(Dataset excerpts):

+ + + +

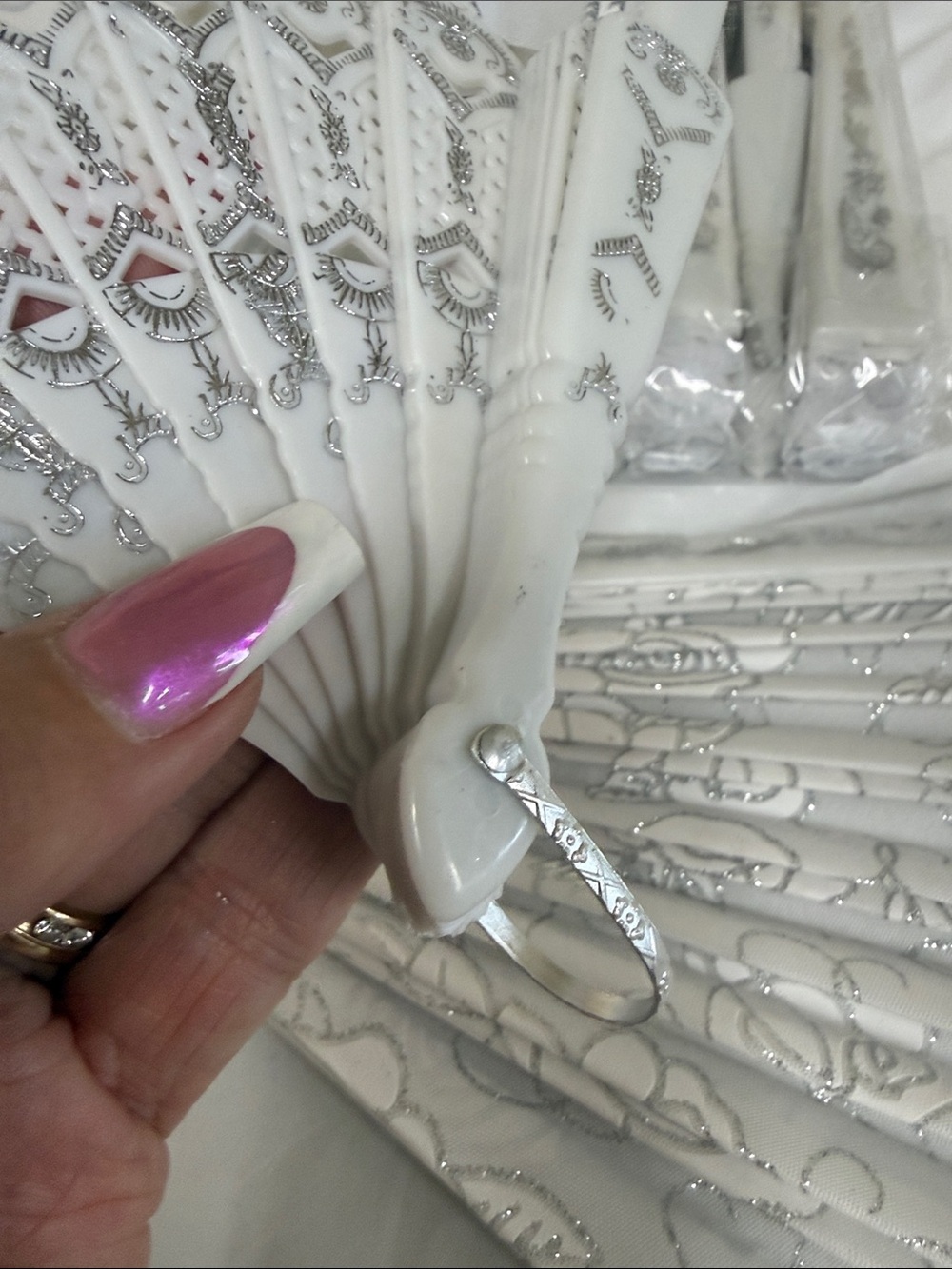 12 White Lace Folding Hand Fans with Silver Embossed Detail - Picture 5 of 9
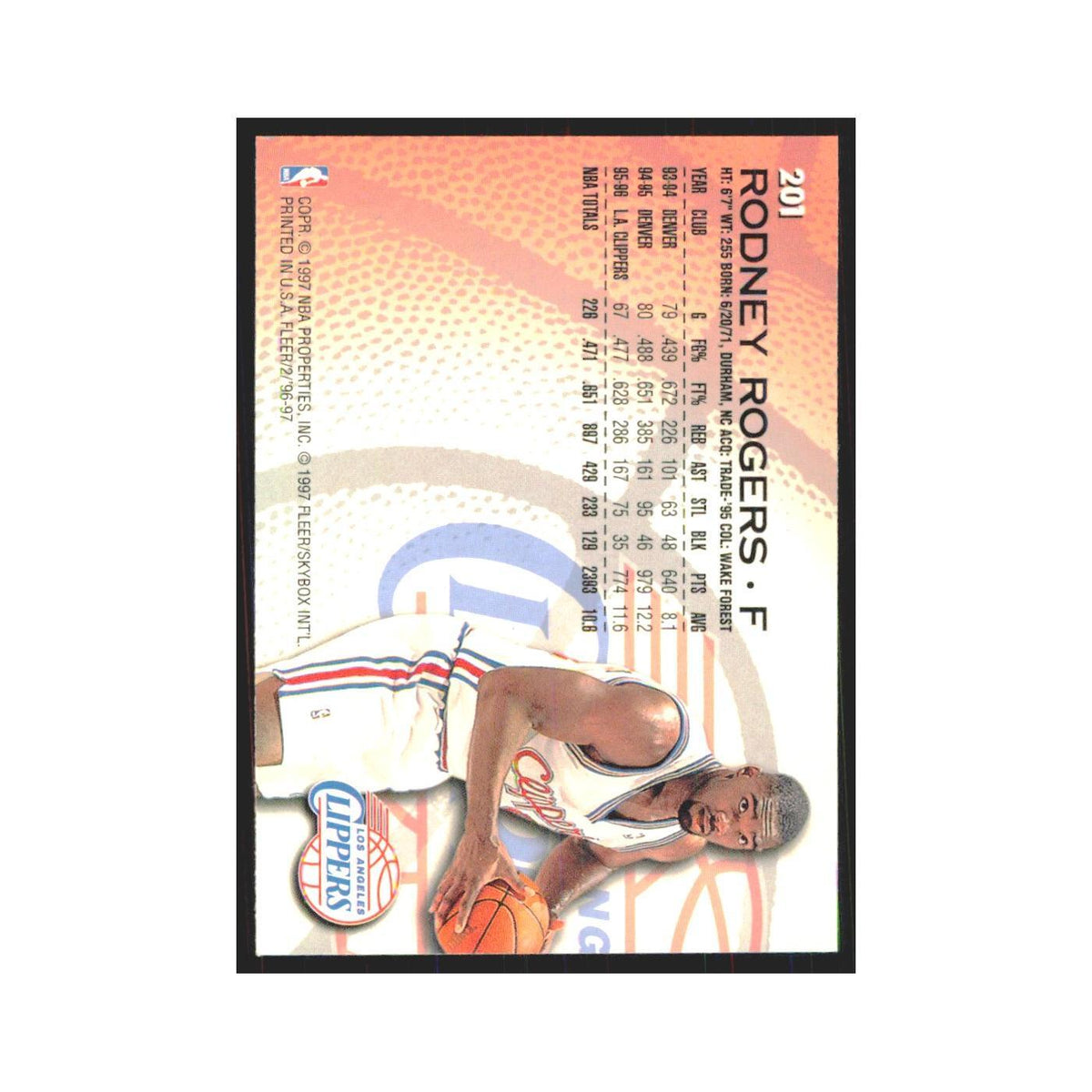 1996 Fleer Rodney Rogers Clippers #201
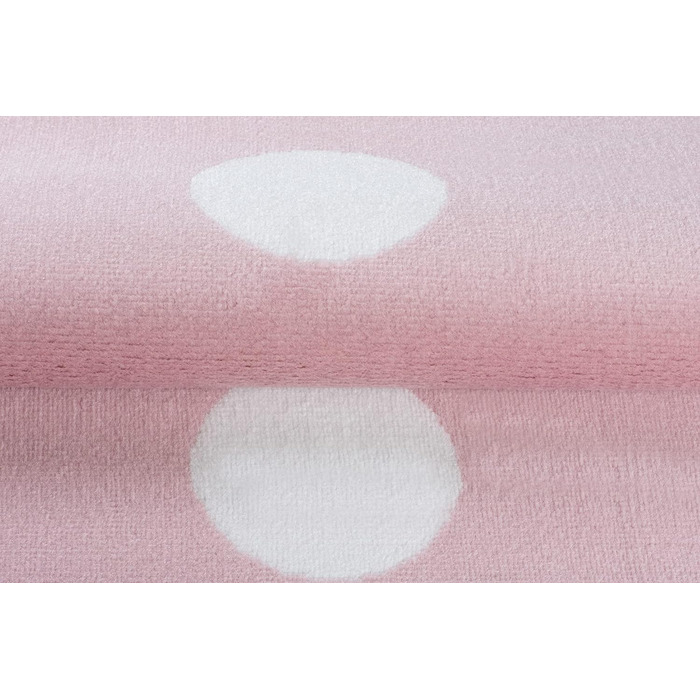 Дитячий килим з коротким ворсом Дитяча Рожево-біла пастельні сучасні геометричні кола Dots Ігровий килимок OEKOTEX 180 x 250 см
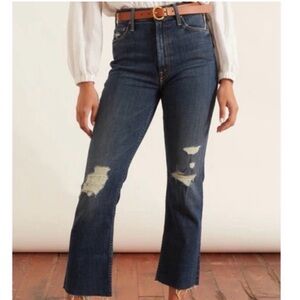 MOTHER The Scrapper Cuff Ankle Fray Wicked Wildflower Denim Jeans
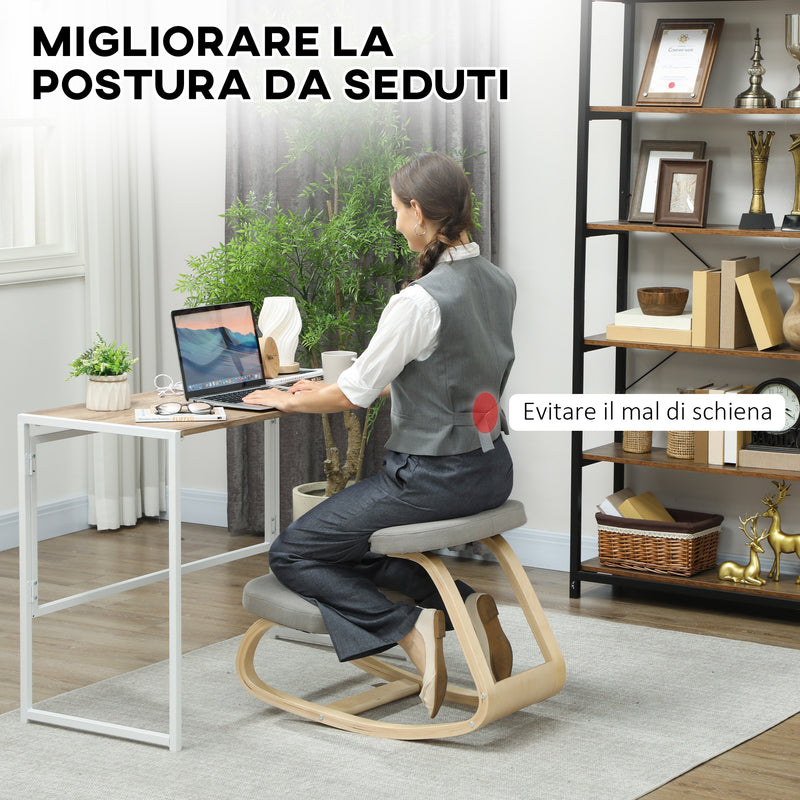 Sedia Ergonomica con Inginocchiatoio 50x73x55 cm Movimento a Dondolo in Legno di Betulla Grigio 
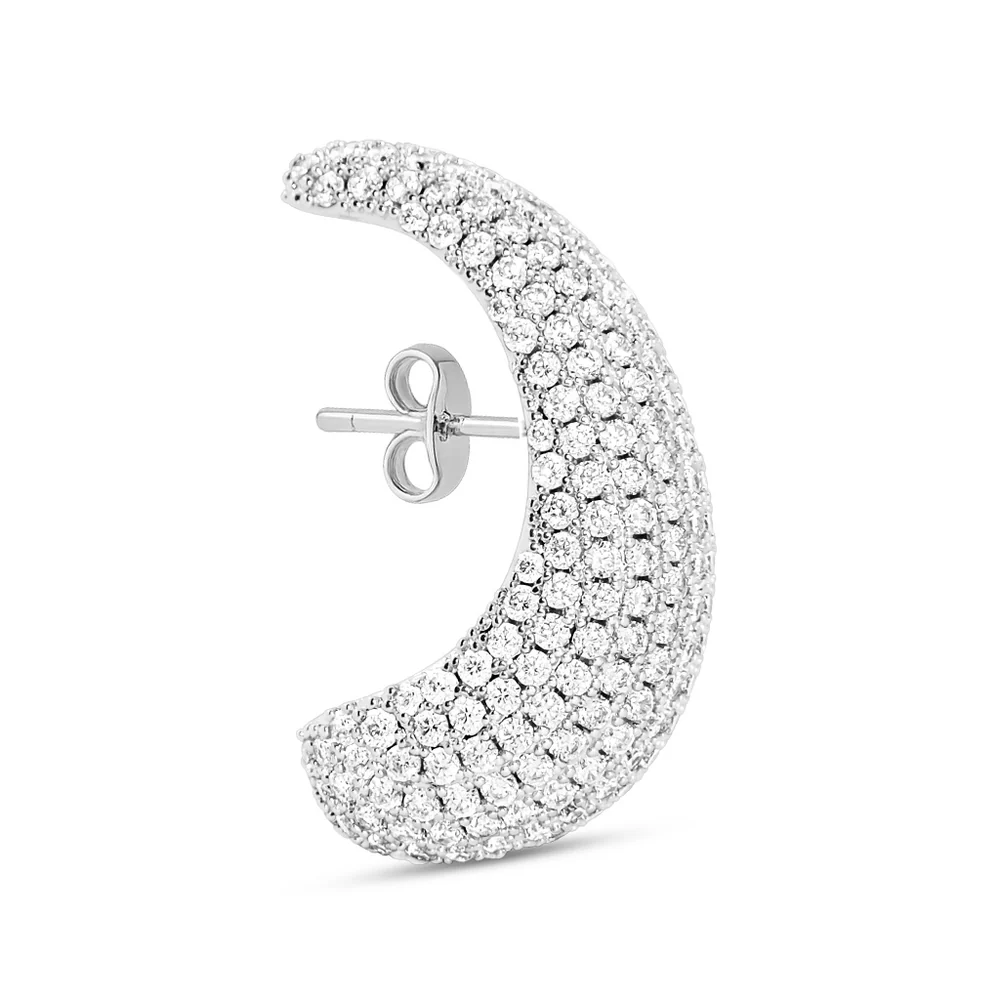 Bulb diamond earstud silver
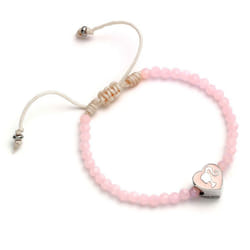 Barbie Pink Bead Bracelet with Heart shaped Pendant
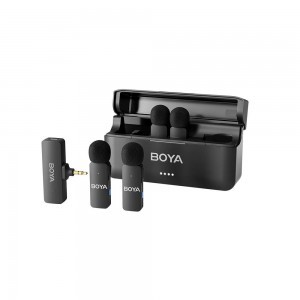 Boya BY-V4 - 2,4 GHz-es, négycsatornás vezeték nélküli mikrofon 3,5 mm-es JACK csatlakozóval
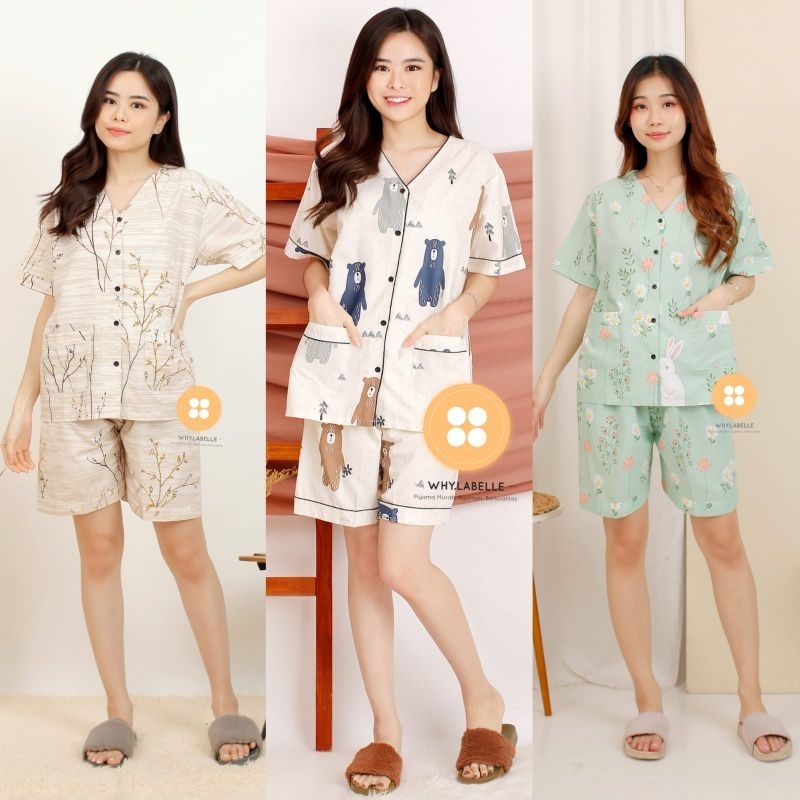 Baju tidur piyama celana pendek pilih motif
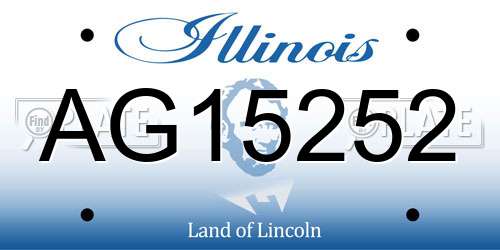 AG15252 Illinois License Plate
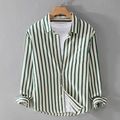 Men's green and cream striped long-sleeve casual shirt with breathable bubble texture - M / Green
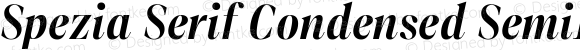 Spezia Serif Condensed SemiBold Italic A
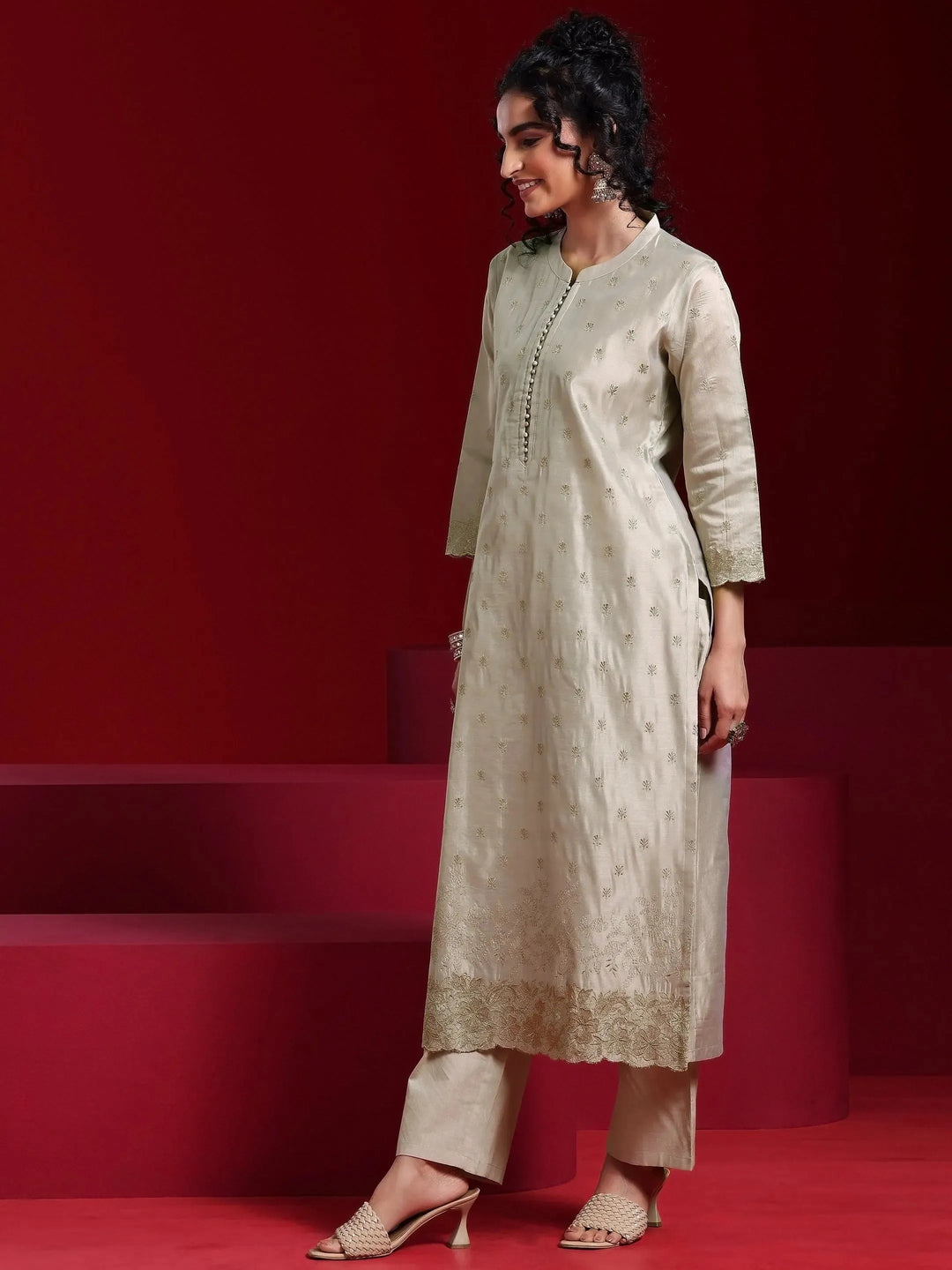  Libas Art Grey Embroidered Chanderi Silk Straight Suit With Dupatta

+ + + +

Retype, without any picture, exactly the lines from the one with "AG15252 Illinois License Plate" through the end of the entries, inclusive.

(SOLUTION FOR THIS TASK):
 AG15252 Illinois License Plate
 Men's green and cream striped long-sleeve casual shirt with breathable bubble texture - M / Green
 Spezia Serif Condensed SemiBold Italic A
  Libas Art Grey Embroidered Chanderi Silk Straight Suit With Dupatta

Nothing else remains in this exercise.